Opinión | Misa de doce

Director de la Filmoteca Regional
¿Somos un país racista?

Lamine Yamal en el RCDE Stadium durante el partido amistoso entre las selecciones de España y Egipto. Fotografía de Jordi Cotrina / JORDI COTRINA / EPC
El martes, al igual que varios cientos de miles de futboleros, me dispuse a ver el partido amistoso que nuestra selección jugó contra Egipto en el RCDE Stadium de Cornellà de Llobregat en Barcelona. Lo que se presuponía que iba a ser una fiesta del fútbol pronto comenzó a torcerse y acabó por convertirse en una suerte de apología del racismo y la intolerancia.
Todo comenzó durante la ceremonia de los himnos nacionales previa al choque. En ese instante, buena parte de los cerca de 38.000 espectadores que abarrotaban el estadio comenzaron a abuchear y silbar el himno egipcio, menospreciando, de este modo, no solo a los jugadores rivales, sino también la identidad y religión del país de los faraones.
Con el pitido inicial del colegiado, lejos de apaciguarse, la atmósfera se enrareció aún más. En repetidas ocasiones comenzaron a escucharse gritos coreados de "musulmán el que no bote", entonados y amplificados por buena parte del respetable, convirtiendo la grada españolista en una turba ultra que hizo saltar por los aires la convivencia deportiva.
"¡Nos miramos al espejo y nos damos vergüenza! ¡Hemos pitado su himno y les hemos dicho musulmán el que no bote a un país musulmán!". Estas fueron las palabras con las que Rubén Martín, periodista encargado de narrar el partido para la Cadena COPE, mostraba su estupefacción e indignación ante los acontecimientos que estaba viendo.
A mí, sinceramente, estos silbidos y cantos islamofóbicos no me han sorprendido en absoluto. Como suele decirse, al final cada cual recoge lo que siembra, y en este país no estamos sembrando precisamente respeto ni empatía.

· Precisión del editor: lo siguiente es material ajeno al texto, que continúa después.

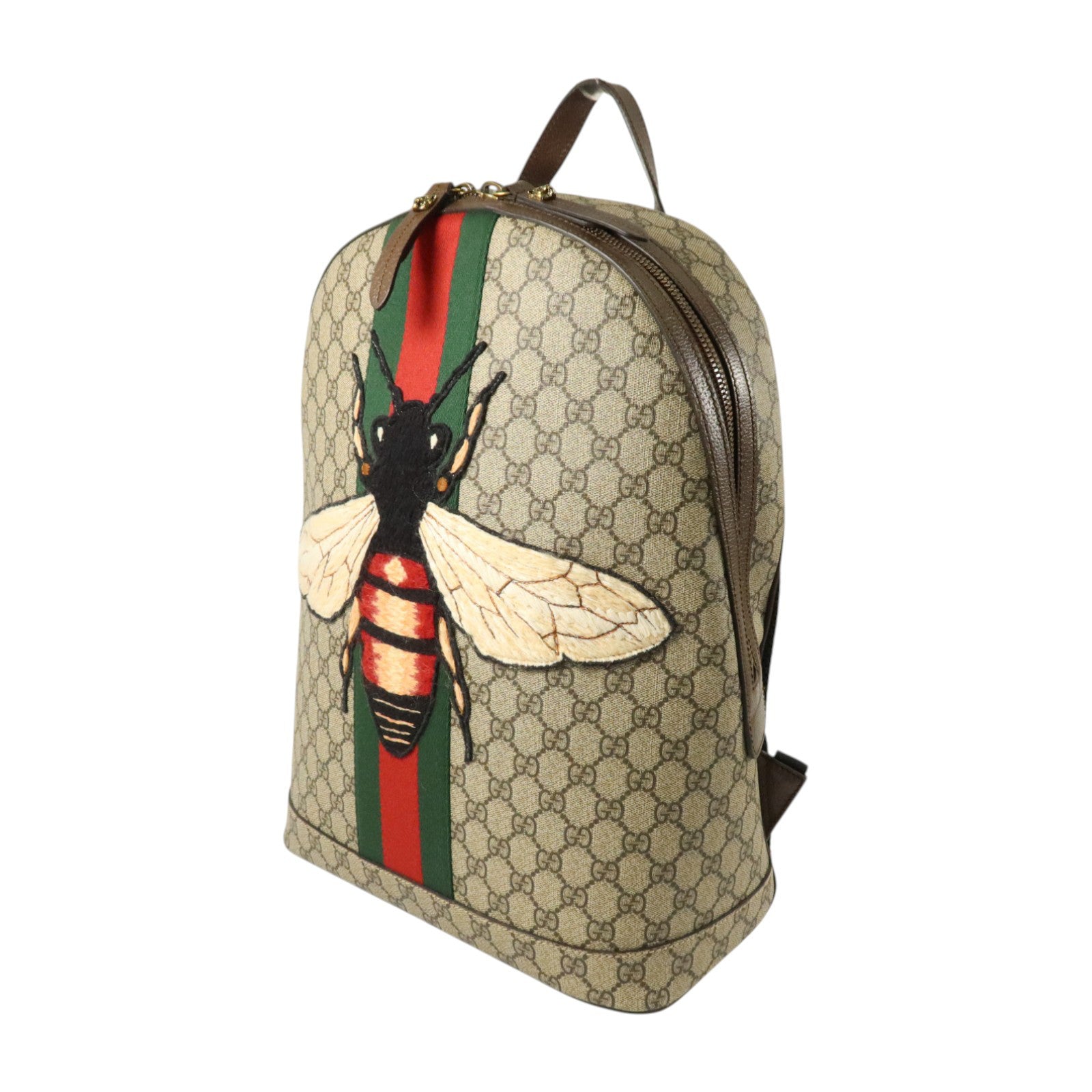 GUCCI 塗層帆布GG Supreme Animalier金扣背包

Además, es bien sabido que en nuestro país, de toda la vida de Dios, y me avalan unas cuantas décadas asistiendo a estadios, comprar una entrada para el fútbol no solo otorga el derecho a ocupar un asiento en la grada, sino también a participar en una especie de competición por ver quién profiere el insulto más hiriente y original contra la madre del árbitro y las de sus asistentes.
A esta liturgia del insulto, históricamente interiorizada y normalizada en nuestros estadios, se le han sumado en los últimos años discursos de odio que nos bombardean a diario y cuyo único propósito parece ser el de fracturar la convivencia, señalando al diferente para convertirlo en enemigo.
Los hechos relatados parecen haber reavivado, una vez más, el debate sobre si España es o no un país racista. La opinión mayoritaria entre los periodistas, al menos en la prensa deportiva, es que sí. Yo también lo creo, y considero que una parte significativa de nuestra sociedad lo es. Basta comprobar cómo nuestras instituciones apenas reflejan la pluralidad racial de la sociedad actual y cómo, a día de hoy, resulta casi ciencia ficción imaginar a un alcalde, un presidente o un alto cargo institucional gitano, magrebí o latino.
Esta deriva racista en la que se encuentra sumido nuestro país solo puede revertirse a través de la educación: una educación basada en el respeto, la igualdad y la empatía hacia quien es diferente.
Pues eso, nos miramos al espejo y no nos reconocemos. Bueno, igual sí, porque siempre hemos sido así.